Reuters reports that the majority of Timbuktu’s ancient manuscripts outside of the torched libraries appear to be unharmed, even after the city’s 10-month-long occupation by rebel fighters. Some 300,000 texts in Timbuktu and the surrounding region are “believed to be safe.” That’s 95 percent of the total documents, according to a Malian source.
Decentralizing the documents, which range from academic treatises to commercial contracts, law books, and medical texts, kept them safe. After Tuareg rebel fighters entered Timbuktu on April 1, curators and collectors began to remove texts from the libraries and “distributed them around,” Cape Town University professor Shamil Jeppie said. The New Yorker reports that 50,000 manuscripts are housed in 32 family libraries that remain protected.

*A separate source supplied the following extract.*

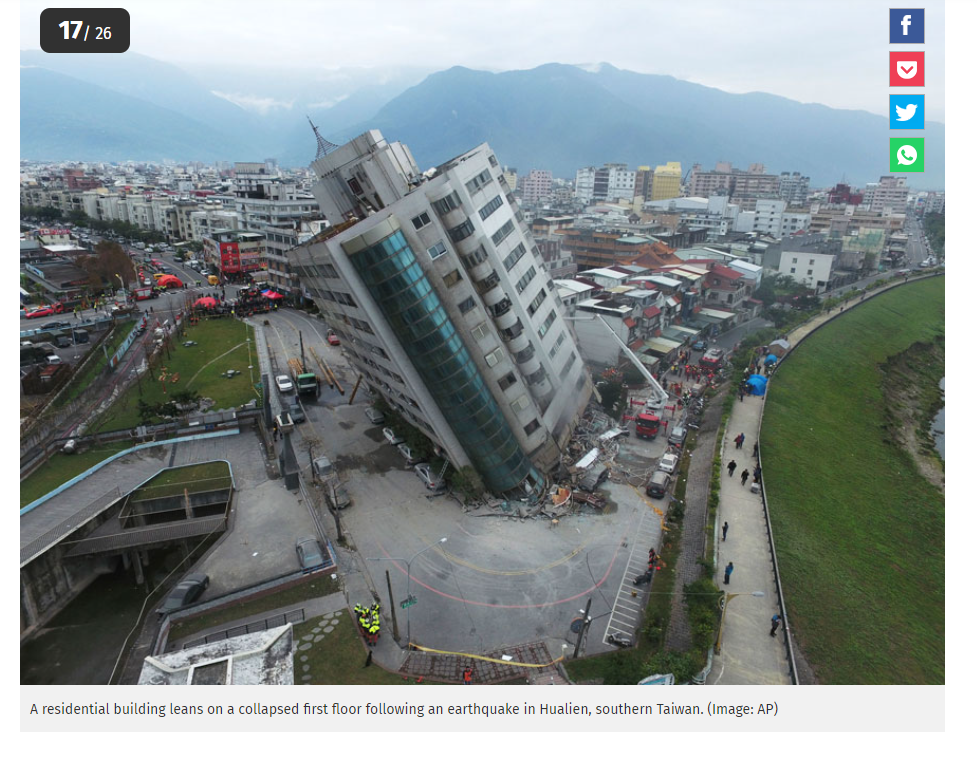 ਵਾਇਰਲ ਹੋ ਰਹੀ ਤਸਵੀਰ ਤਾਈਵਾਨ 'ਚ ਹਾਲ ਹੀ ਵਿੱਚ ਆਏ ਭੂਚਾਲ ਦੀ ਹੈ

The Islamic fighters who occupied Timbuktu are violent iconoclasts. The manuscripts were destroyed because they cover “areas of knowledge” like “anatomy, women’s rights, and music” that are traditionally despised by zealots, The New Yorker explains. The fighters have also destroyed pagan stone carvings in Morocco’s High Atlas mountains and a Sufi mausoleum in Tunisia.